The squad that we kept are rewarded with a garish white-shirt-fading-into-blue-shorts gradient home kit, presumably designed to symbolise Tottenham’s transition into the new stadium.
But maybe those perfectly straight and simple transition lines should have been a random mess of blue squiggles, to truly capture how Tottenham Hotspur Football Club™ are going about the move.
The As Yet Unnamed stadium, planned for an exuberant opening a few weeks after the start of the season has been, as many people foretold, delayed. A lot.
What was originally just ‘a few games away then home by September’ is now ‘Will fans even get to see a game at the new stadium in 2018?’.
The story, leaked by the press, was explained poorly in a rushed statement by Daniel Levy. Apologising to the NFL but merely ‘understanding the disappointment’ of the fans funding the thing shows just how long the length of the arm holding Tottenham Hotspur Football Club™ fans away truly is.
No refunds, no real apology, no clarification. Just an understanding of disappointment. And still no closer to finishing the stadium.
Spurs are now in limbo, playing some games at Wembley and having to restructure other fixtures. It’s messed up the schedule of Brent and Haringey councils who have to organise around us and runs the risk of breaking Premier League rules, potentially resulting in fines and points deductions.
But there is, and must remain, a clear distinction between Tottenham Hotspur Football Club™ and Tottenham Hotspur. Weirdly, despite the mess taking place in the boardroom, Pochettino and his men went up to Newcastle and won their opening game of the season.
Tottenham Hotspur Football Club™, run by Joe Lewis’ ENIC and chaired by Daniel Levy, is a business. It serves to generate profit for the owners through TV rights, player transfers and milking the fans (read: customers) for all they’re worth. The most expensive matchday and season tickets in the league year in, year out.
They do good for the club – they’ve grown us from meagre mid-table finishes to consistently sitting at the top table of world football, built a world class training and youth facility and, of course, laid the foundations for the White Hart Lane of the future. But, for them, the love is not of the success, rather the profit success brings.
Success, however, is a strange word at Tottenham Hotspur. Having spent so long in the wilderness of 16th-9thplace, fans realise that top four football and the occasional cup final represents a type of success. What fans don’t want to see is regression.
As with the Saha/Nelsen debacle of 2012, a lack of signings is interpreted as failure to back a manager just a few millions pounds away from trophies. But Pochettino, ever the graceful and considered manager, is happy to work with what he’s given.
If real, tangible success comes this season in the form of a trophy or title, it will be because of him. Not because of spendthrift Daniel Levy, not because we have a room that sells cheese or our own branded craft beer, but because we have a world class manager and team, proud to pull on the shirt and give fans the passion, love and more often than not, result they expect every week.
Certain squad players have taken to interviews and social media to dispel any worries fans may have that the stadium situation is impacting the playing staff negatively.
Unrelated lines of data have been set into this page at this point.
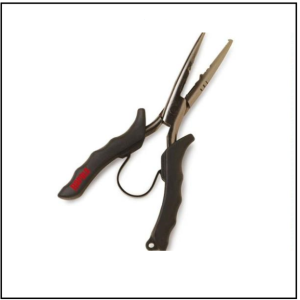 Alicate RAPALA AÇO INOX RSSP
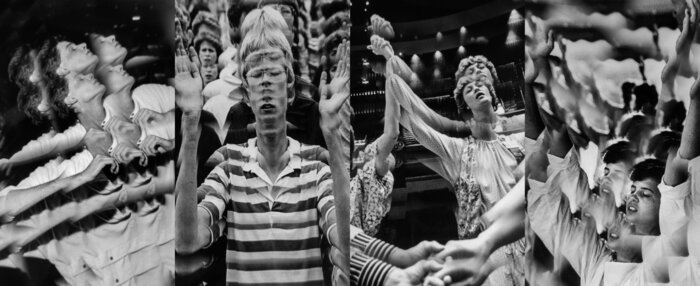 Expositions Obsession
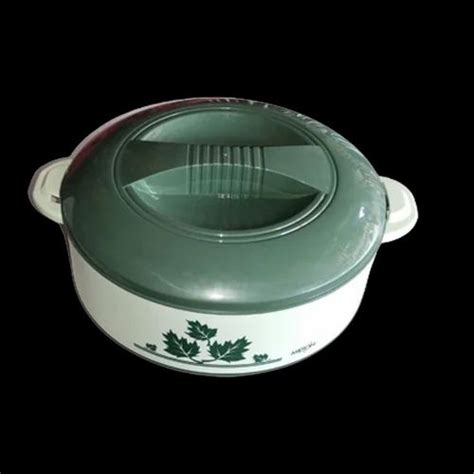 Material Plastic Milton Chapati Hot Case At 380 Piece In Tilhar ID 2851878892991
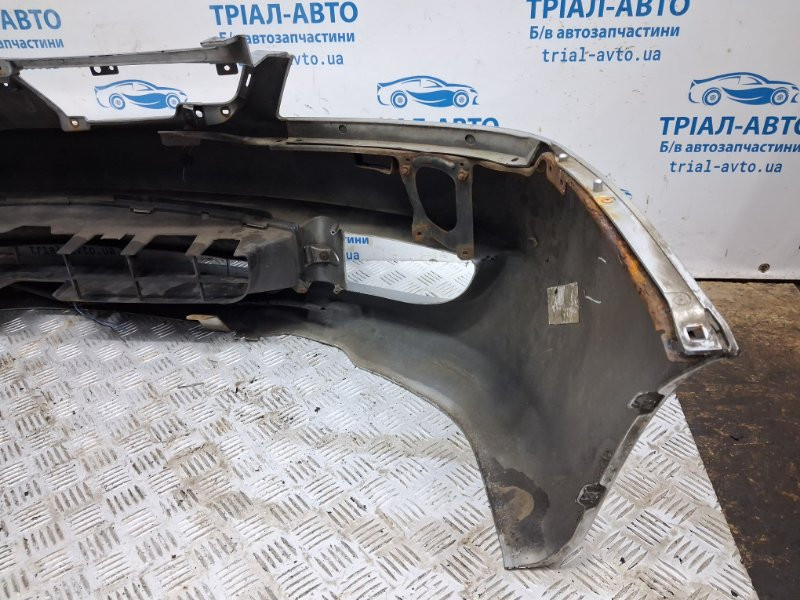 Бампер передний Mitsubishi Lancer 9 1.6 БЕНЗИН 4G18 2003 (б/у) Киев - изображение 7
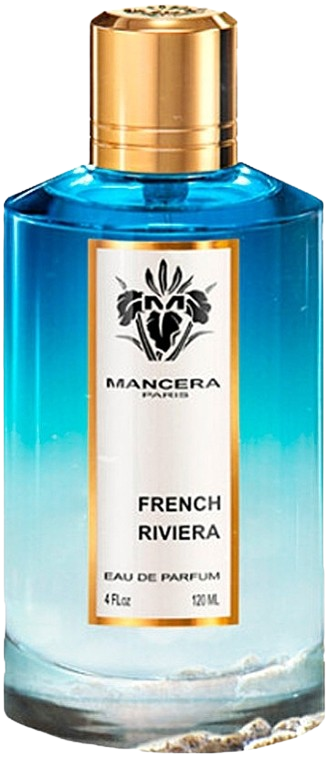 Mancera French Riviera 120ML EDP מנסרה פרנץ ריביירה יוניסקס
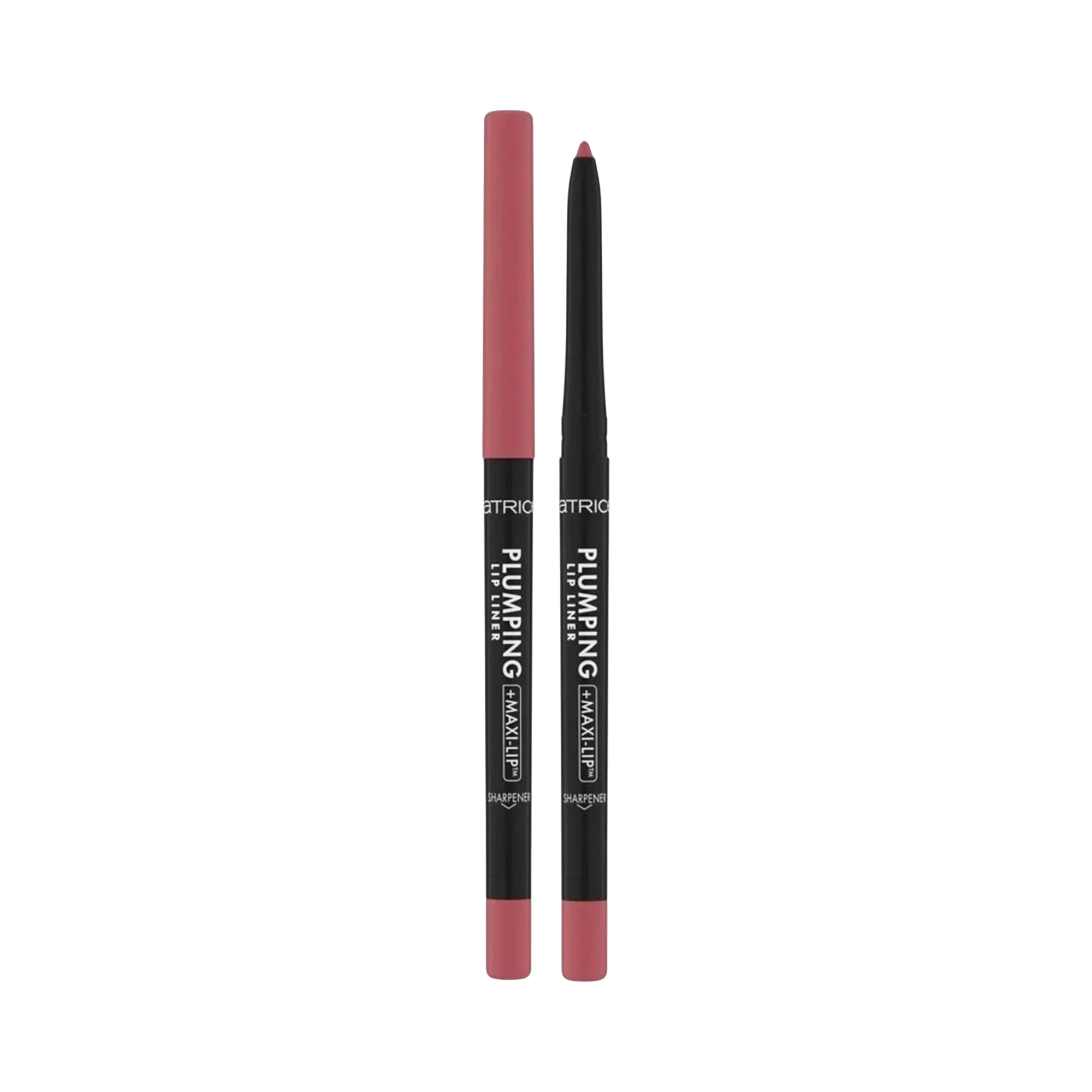 Lip Liner-Catrice-Plumping Lip Liner-200-Rosie Feels Rosy-F-0.35G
Naturally only time will tell but, with three points on the board against one of our bogey teams, maybe it’s true.
What’s vital is that we as fans don’t blur the lines between the two. Vent your frustration at Levy, Lewis, ENIC, MACE, NFL, cheese, craft beer, sky bars and fully-integrated Wi-Fi throughout all you want, but leave the players and manager out of it.
The badge, shirt and ground will exist long after ENIC are gone and the final fire alarm safety test has been carried out on the new stadium. What’s important is that the people wearing the kit, and not a suit, are still supported through thick and thin. They are our only chance of salvaging this situation.